_EXERCISE DESCRIPTION_
Find the line with "Gigabyte B650M Aorus" and the line with "New torrid bra" in the entries below; output exactly those two lines, every line between them, and no others.

_MATERIAL SHOWN_
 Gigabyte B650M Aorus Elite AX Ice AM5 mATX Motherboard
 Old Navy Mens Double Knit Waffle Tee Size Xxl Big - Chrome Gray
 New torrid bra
--
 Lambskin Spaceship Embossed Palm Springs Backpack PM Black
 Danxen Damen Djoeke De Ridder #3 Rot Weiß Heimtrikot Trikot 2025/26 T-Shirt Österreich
==
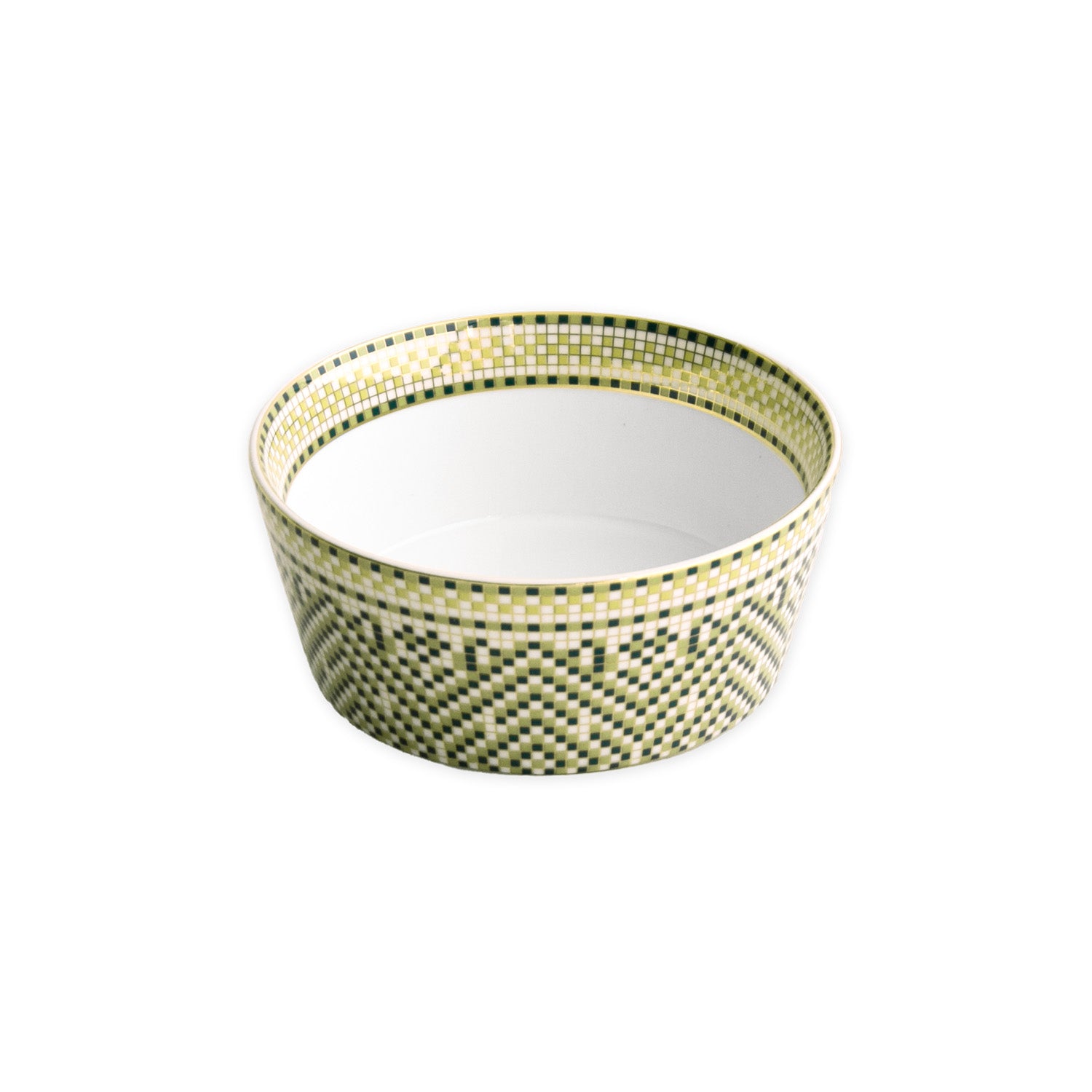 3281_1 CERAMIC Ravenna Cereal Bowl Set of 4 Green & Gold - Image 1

_RESULT FOR THIS EXERCISE_
 Gigabyte B650M Aorus Elite AX Ice AM5 mATX Motherboard
 Old Navy Mens Double Knit Waffle Tee Size Xxl Big - Chrome Gray
 New torrid bra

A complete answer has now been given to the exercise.